Exercise details:
Please give back word for word the lines of the material below between the line containing "Can We Agree" and the line containing "Do you wanna go anal? please don't leave me - Do", inclusive.

Data in this exercise section start

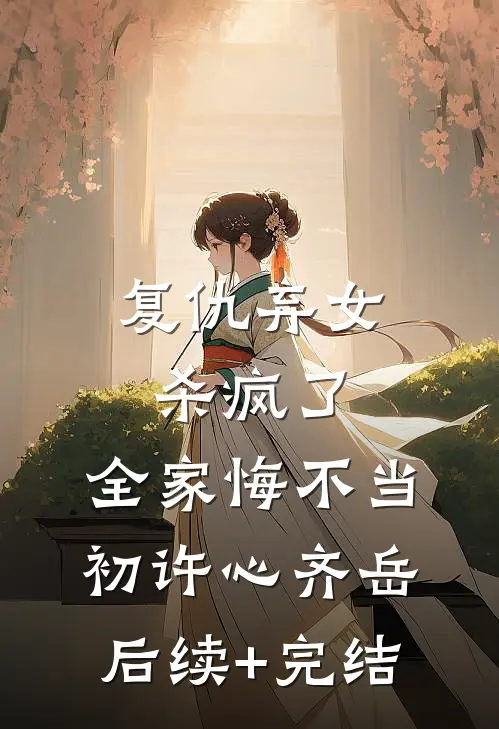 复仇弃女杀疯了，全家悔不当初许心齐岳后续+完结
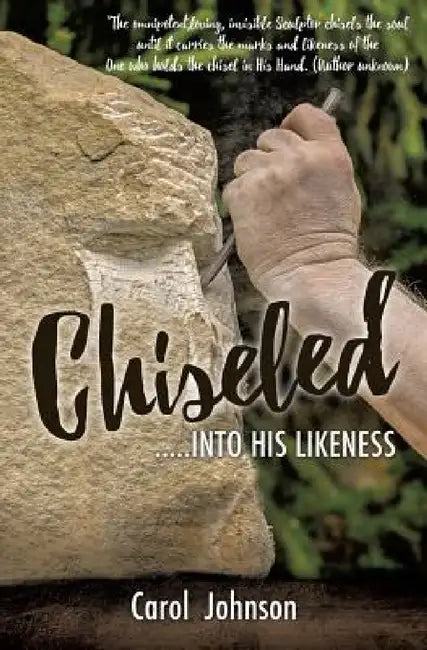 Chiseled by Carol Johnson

Data in this exercise section end
Data in this exercise section start

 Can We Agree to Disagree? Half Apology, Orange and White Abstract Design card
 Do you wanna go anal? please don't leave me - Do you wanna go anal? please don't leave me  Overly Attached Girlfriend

Data in this exercise section end

Response to the exercise:
 Can We Agree to Disagree? Half Apology, Orange and White Abstract Design card
 Do you wanna go anal? please don't leave me - Do you wanna go anal? please don't leave me  Overly Attached Girlfriend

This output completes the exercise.